ナッジ理論とは?マーケティングに応用できる行動経済学

ナッジ(nudge)とは、1.軽く押す・突く、2.少しづつ動かす、3.(ある段階や標準に)近づく、4.優しく・丁寧に説得するなどの意味があり、人の行動を促すための働きかけというニュアンスを持っています。

ナッジ理論の人間の心理的特性に着目して行動変容を促すという考え方は、マーケティングにも親和性が高く実務の現場にも普及しています。

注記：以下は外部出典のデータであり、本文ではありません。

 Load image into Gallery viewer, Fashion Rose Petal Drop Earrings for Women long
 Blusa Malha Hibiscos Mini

ナッジ理論をマーケティングに活用するための基本的な知識について解説します。

ナッジ理論とは

個人や組織、社会全体を望ましい方向に導くことを目的とし、規制や制度などの外部からの強制によらず、行動科学の知見を応用して自発的な行動を促すための環境設計や仕掛けづくりの枠組みを示したのがナッジ理論です。

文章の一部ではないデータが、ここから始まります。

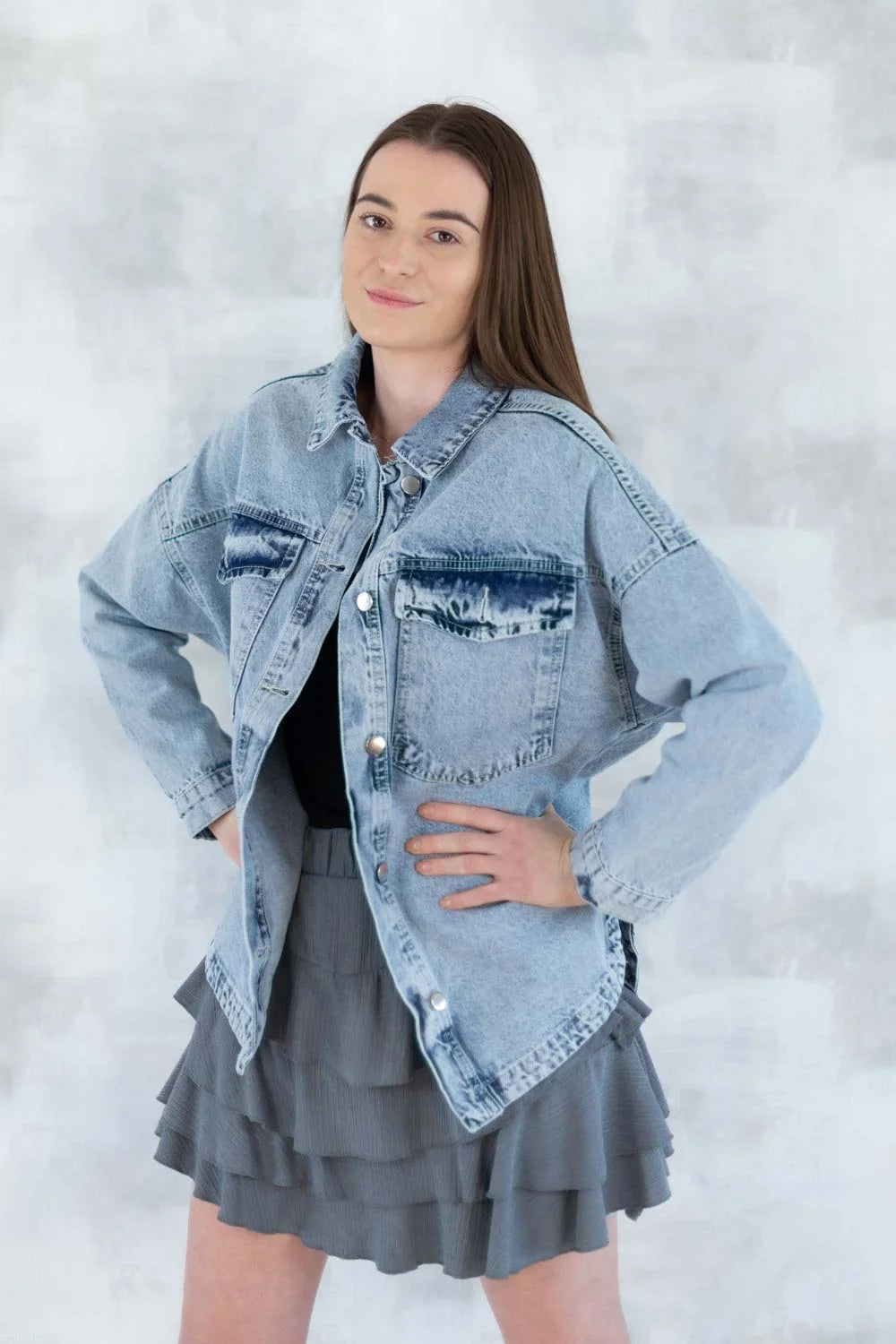 Jaachetă denim- broderie pe spate 7001-012 - NIZIA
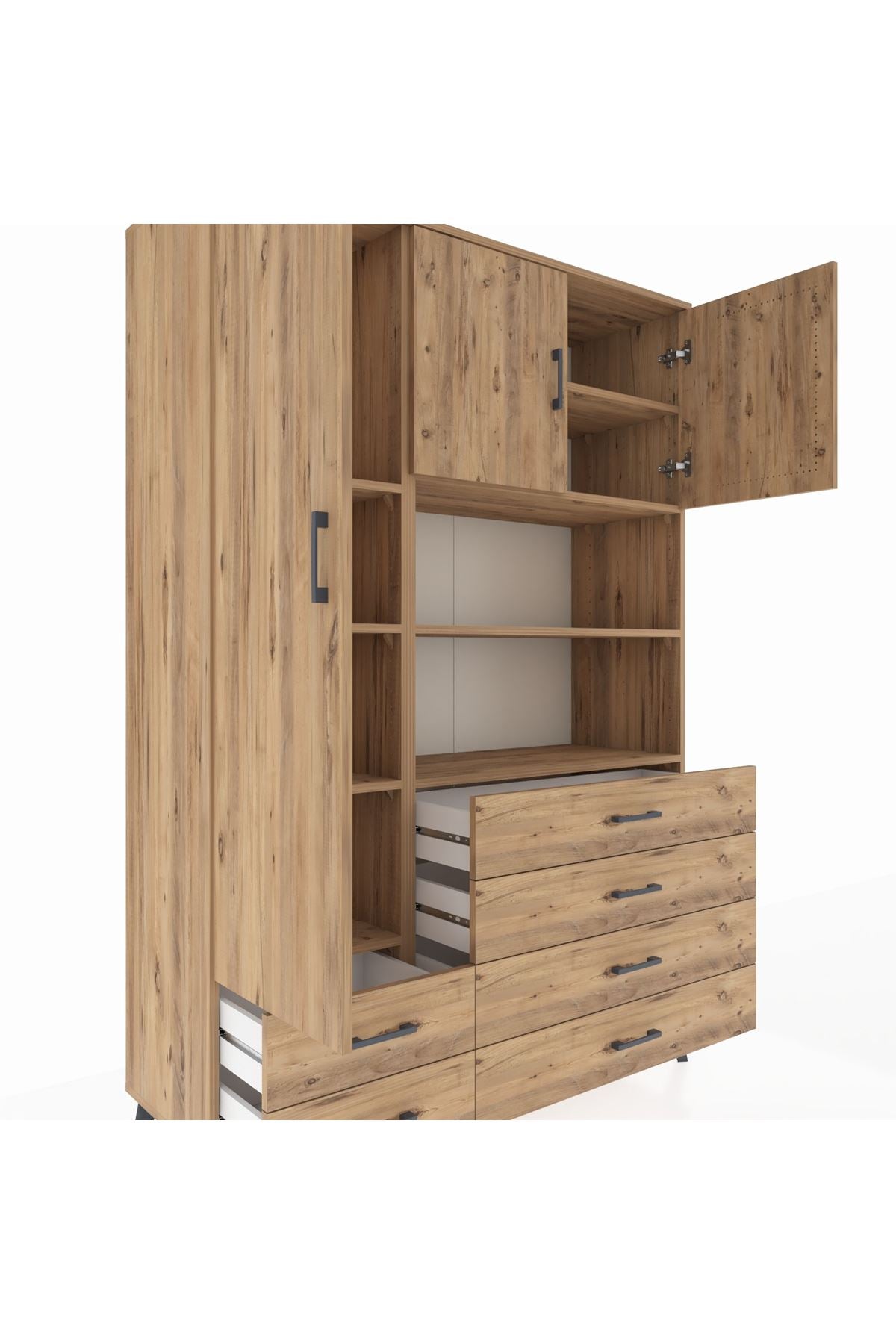 Hyperion Dolap 8 Raflı 6 Çekmeceli 3 Kapaklı 132x44x195 Çam-Çam/Çam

行動経済学者リチャード・セイラー教授と法学者キャス・サスティーン教授の2008年の共著「Nudge:Improving Decisions About Health,Wealth, and Happiness(邦題:「実践行動経済学」)」によって提唱されたもので、セイラー教授は2017年のノーベル経済学賞を受賞しています。

理論の着想がまず取り入れられたのは政策分野であり、イギリス政府が税収の増加や経費削減のためにナッジ理論を活用し、大きな効果を挙げたことで理論の実用性が認められました。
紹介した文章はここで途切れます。